Extracted data entries:

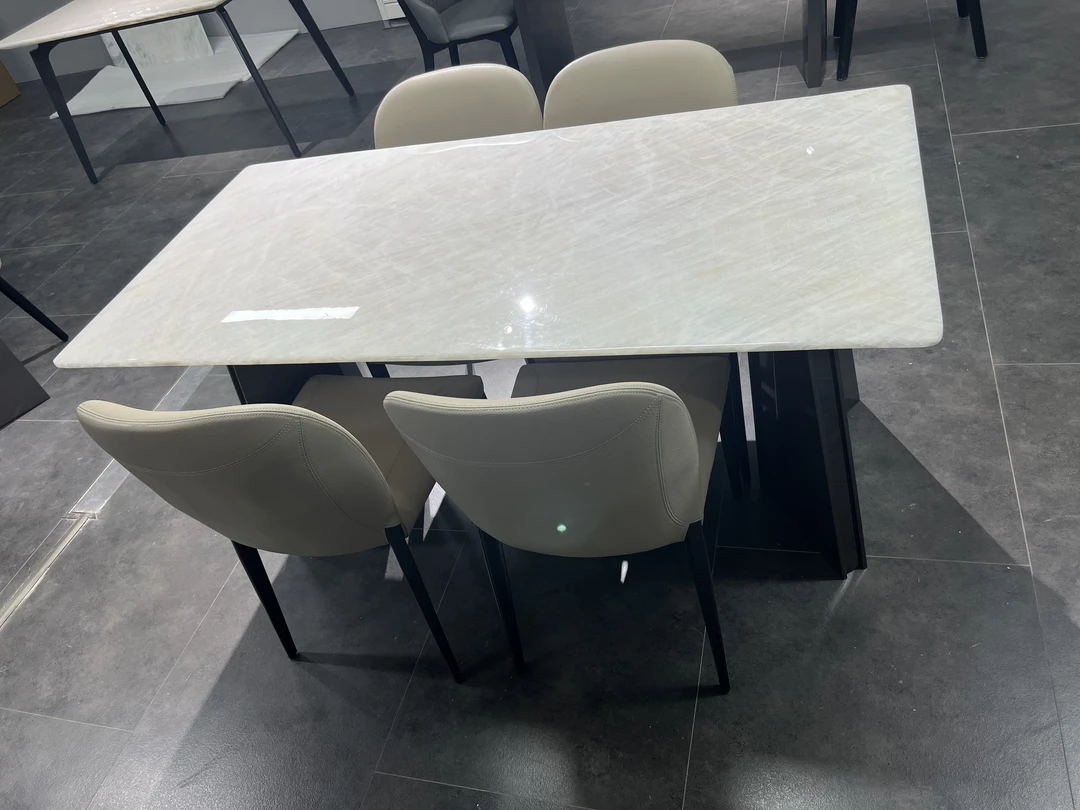 天然大冰玉大理石餐桌椅组合轻奢不锈钢长方形家用意式极简吃饭桌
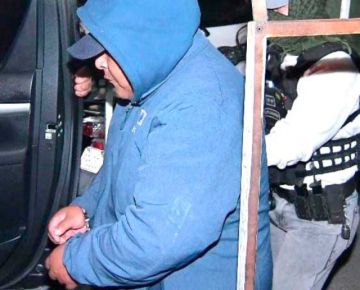 Cívicos cruceños exigen captura de Evo y Argollo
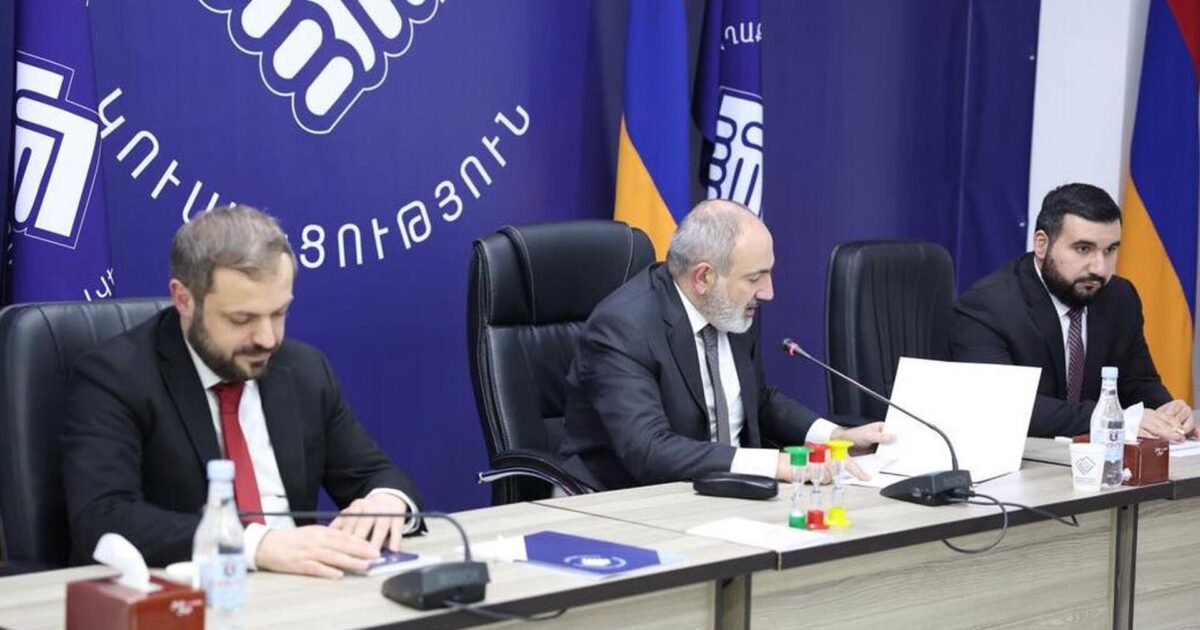 Խառն են, շատ խառն են. «Փաստ»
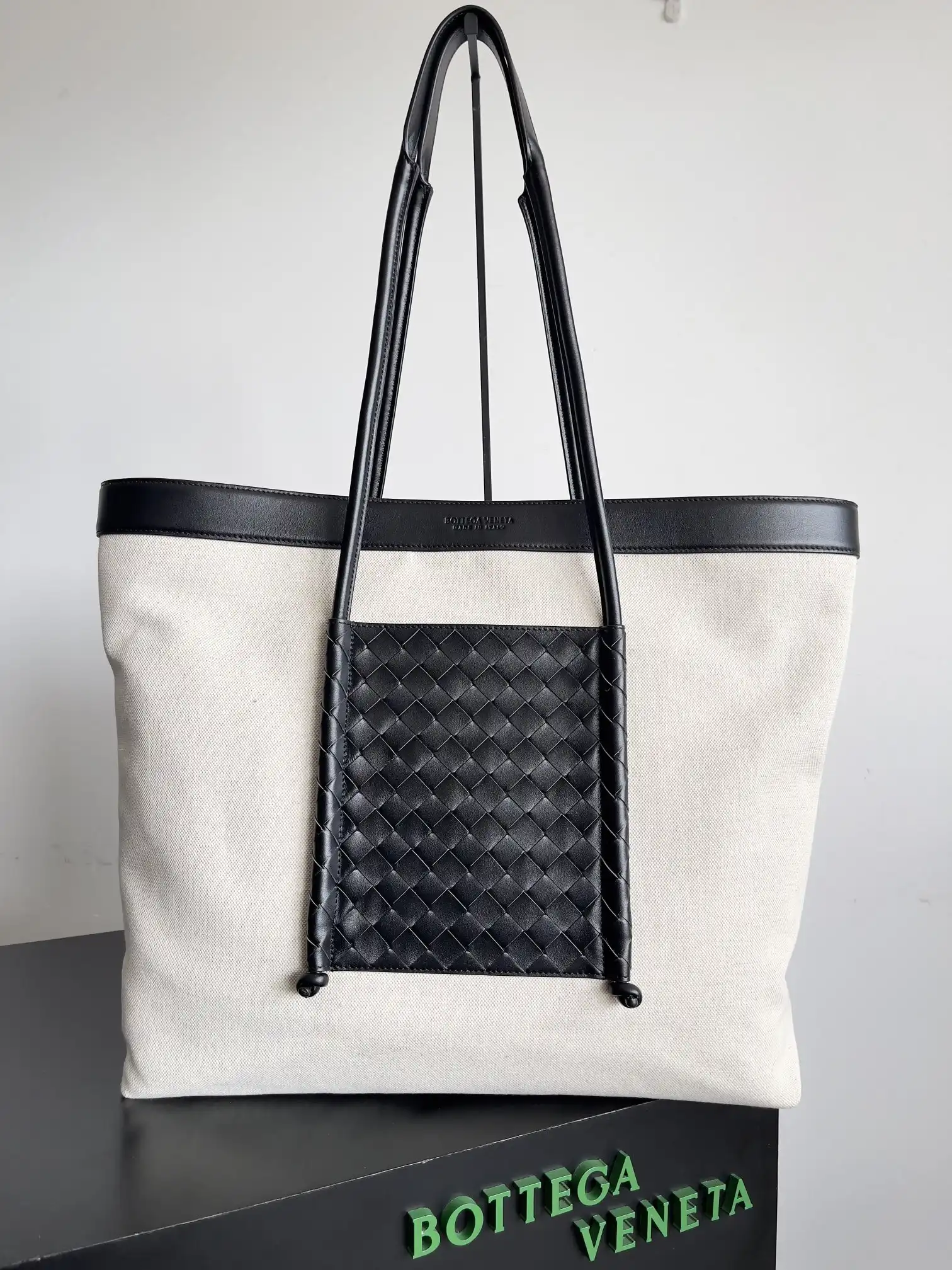 BOTTEGA VENETA Portello Tote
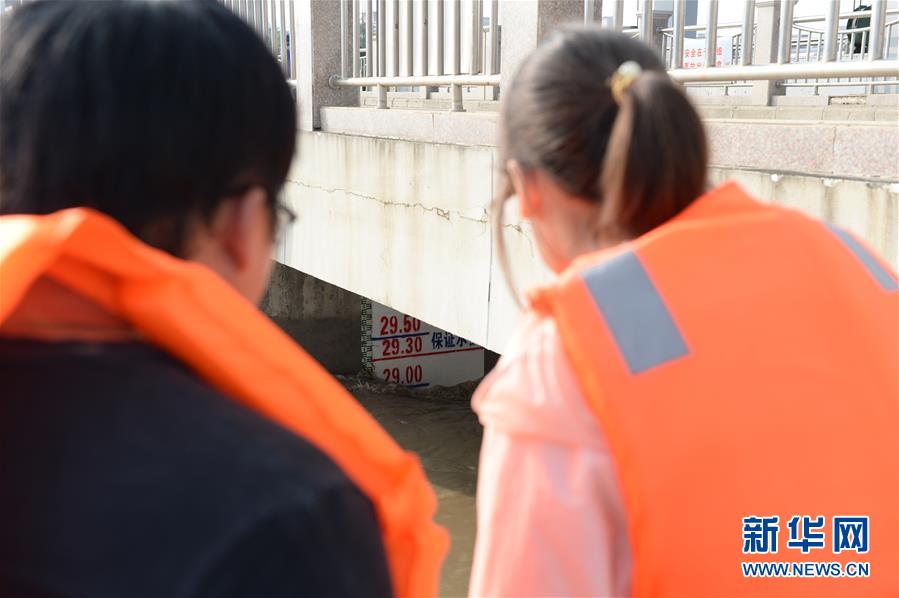 （圖文互動(dòng)）（2）開(kāi)閘前后&mdash;&mdash;王家壩24小時(shí)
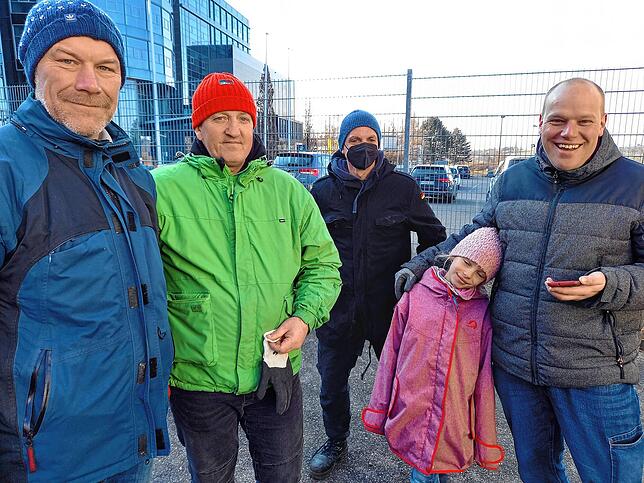 Tobias Schmidschneider (rechts mit Tochter Lotta) und seine Frau Frauke haben spontan Oleg (Zweiter von links) und dessen Frau Natalia ...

_Problem_
Because the copy must hold no pictures, return only the lines that run from the line containing "Խառն են, շատ" to the end of the data above, each exactly as it stands.

_Answer space_
 Խառն են, շատ խառն են. «Փաստ»
 BOTTEGA VENETA Portello Tote
 （圖文互動(dòng)）（2）開(kāi)閘前后&mdash;&mdash;王家壩24小時(shí)
 Tobias Schmidschneider (rechts mit Tochter Lotta) und seine Frau Frauke haben spontan Oleg (Zweiter von links) und dessen Frau Natalia ...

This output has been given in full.